では、自分は樹が望むから、生きようとしているのだろうか。真苅が、言っていたように、他人の為に――樹の為に、この世界を生きるのか。
自問して、明日菜はかぶりを振った。
(あたしは、あたしの為に、生きる)
そして、生きる明日菜の未来は、樹と共にある。
それがどんなものになるかは判らないけれど、樹と一緒に生きていくこと、生き抜いていくことが、明日菜の未来だった。

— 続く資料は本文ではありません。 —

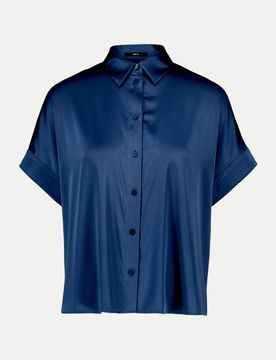 Zero Kurzarm-Bluse Blau 40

多分、もう、過去も死への願望も、頭の中をよぎることはない。
樹が諦めない限り――いや、彼が諦めようとしたら彼女の方が叱咤して、生きるのだ。
明日菜はもう一度、『新生者』の群れに、そしてその向こうに目を向ける。
寂れたアトラクションの間に、彼女たちが丸一昼夜過ごした建物が見えた。束の間、静かな時間を与えてくれた場所だ。
その屋上に、小さな人影。
表情なんて見ることもできないけれど、何故か、その人は明るく微笑んでいるような気がする――この絶望的な世界で究極の解放を手に入れられたことを喜んで。
(あの人は、自分の望みが、夢が叶ったんだ)
きっと、彼は幸せなのだろう。彼自身がそう言ったように。
明日菜は背を向け、彼女を待つ人と共に歩き出した。